A entidade administrativa recorrida respondeu ao
pedido de anulação, suscitando a questão da ilegitimidade processual da
recorrente, por entender que a doutrina do acórdão impugnado, constante de
circular interna, apenas vinculava os funcionários aduaneiros, nos termos do
art. 228º do Contencioso Aduaneiro. De facto, não tendo a empresa que suscitara
a questão interposto recurso hierárquico para a autoridade competente, havia-se
tornado definitivo o entendimento constante do acórdão recorrido, sendo
executório e insusceptível de impugnação por terceiros.

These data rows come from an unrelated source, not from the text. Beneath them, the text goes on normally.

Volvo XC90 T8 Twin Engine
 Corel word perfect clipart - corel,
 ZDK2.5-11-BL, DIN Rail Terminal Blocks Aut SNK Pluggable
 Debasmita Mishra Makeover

Nas subsequentes alegações e sobre a questão de
legitimidade, a sociedade recorrente afirmou que sistema jurídico algum podia
aceitar 'normas ou interpretações da lei, em que a negligência ou a mera falta
de vontade de prosseguir o litígio contra a Alfândega' pudesse reflectir-se na
esfera de terceiros, considerando que a posição do Presidente do Tribunal
Técnico-Aduaneiro de 1ª Instância violava 'à evidência' o art. 268º da
Constituição.
Através do acórdão de 7 de Abril de 1992, o
Tribunal Tributário de 2ª Instância decidiu rejeitar o recurso interposto com
fundamento em ilegitimidade da recorrente, considerando que o seu interesse não
era directo, por não ser parte da relação material controvertida (art. 26º, nºs
1 e 3, do Código de Processo Civil, aplicável por remissão do art. 229º do
Contencioso Aduaneiro).
Inconformada, interpôs a sociedade recorrente
recurso jurisdicional deste acórdão para a 2ª Secção do Supremo Tribunal
Administrativo, suscitando na alegação a questão da inconstitucionalidade das
normas em que se suportara o acórdão recorrido, na interpretação perfilhada, por
violação do art. 268º da Constituição. O Ministério Público, por seu turno,
sustentou que o acto administrativo impugnado era irrecorrível, devendo o
recurso jurisdicional ser provido quanto à questão de ilegitimidade. A
recorrente contrariou este ponto de vista.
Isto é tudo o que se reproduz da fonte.